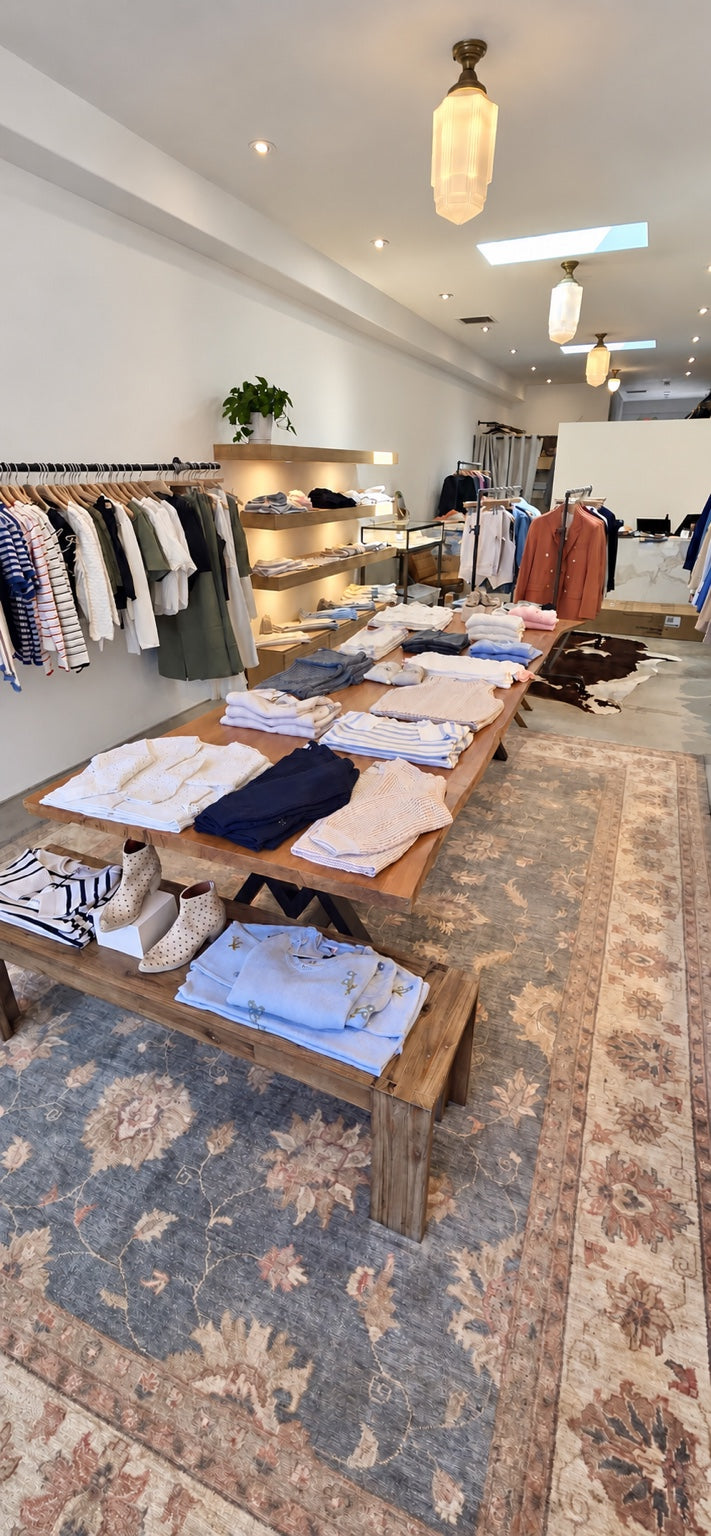 Inside the 27 Miles Malibu San Marino boutique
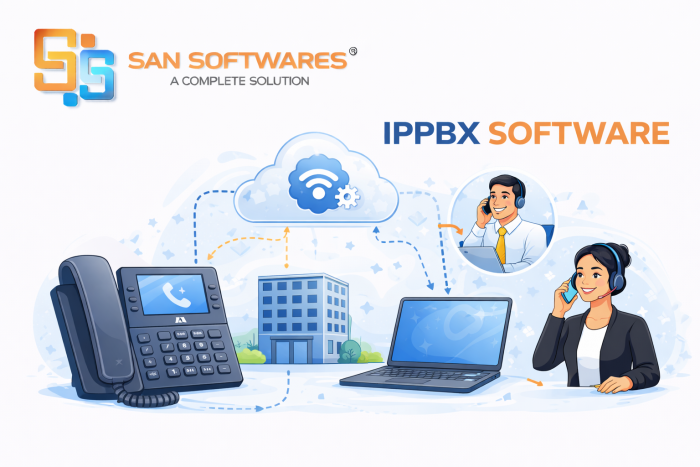 Cloud IPPBX System for Office Calling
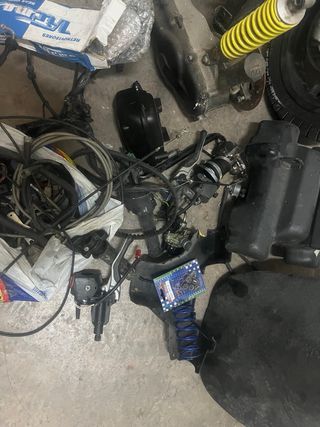 Despiece yamaha Aerox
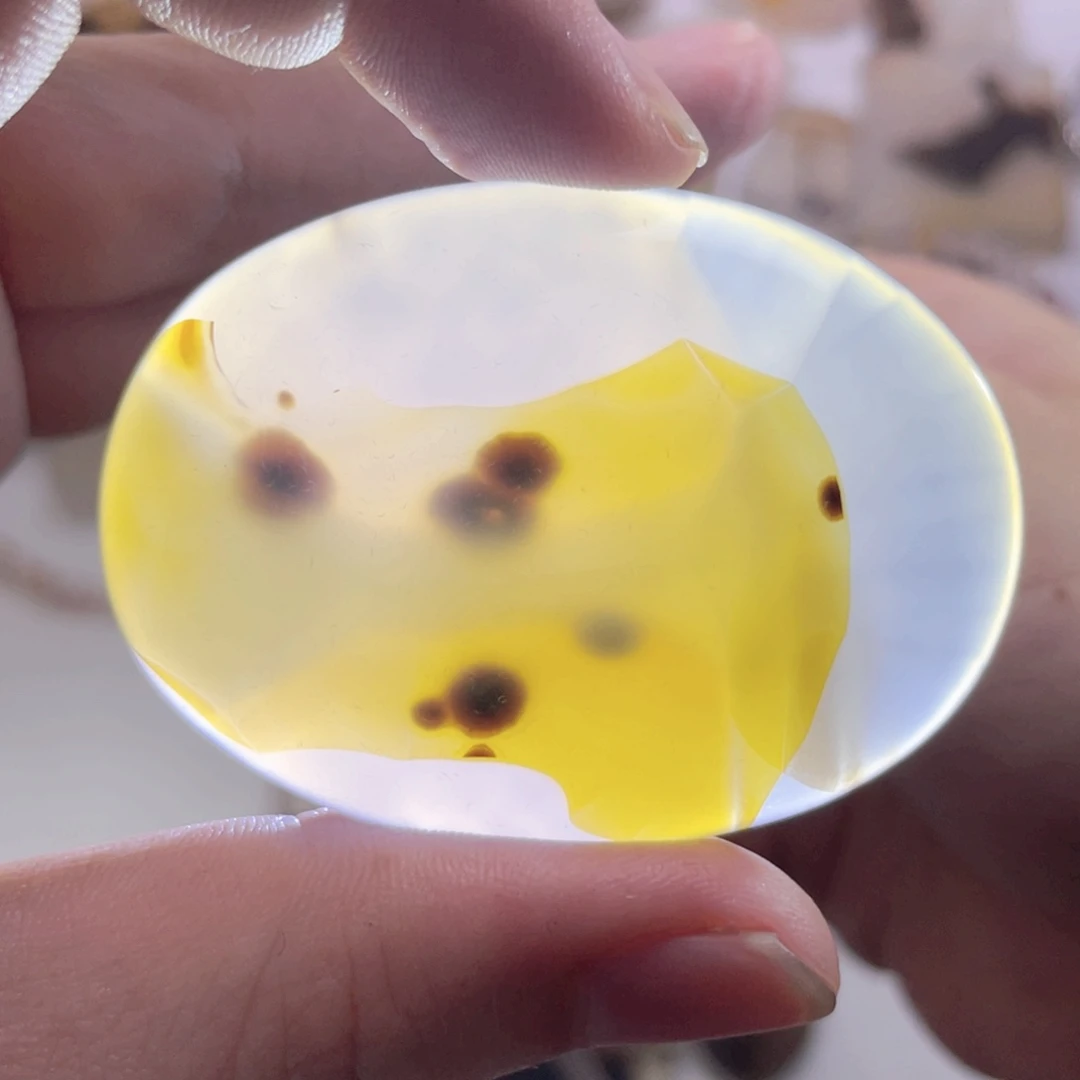 玛瑙/玉髓颈饰合金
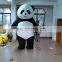 HI CE customized adult cartoon character mascot inflatable panda costume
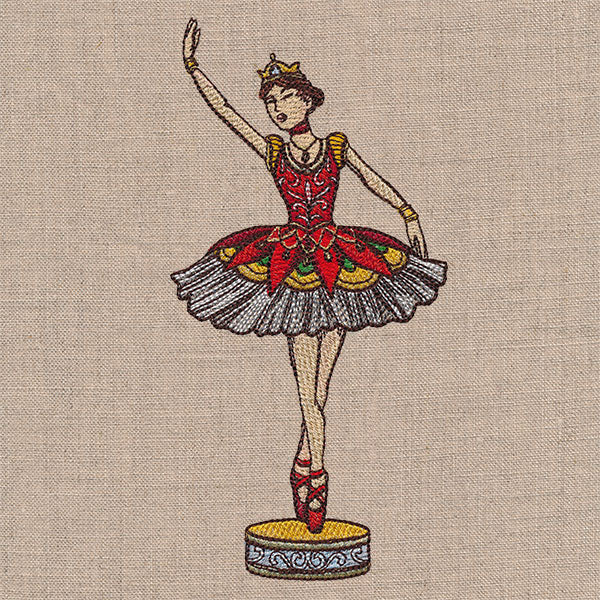 Marvels of Christmas Ballerina - Image 4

───

From the line that contains "Despiece yamaha Aerox" to the last line of the records above, copy each line exactly, both ends included, and leave the pictures out.

TASK OUTPUT =
 Despiece yamaha Aerox
 玛瑙/玉髓颈饰合金
 HI CE customized adult cartoon character mascot inflatable panda costume
 Marvels of Christmas Ballerina - Image 4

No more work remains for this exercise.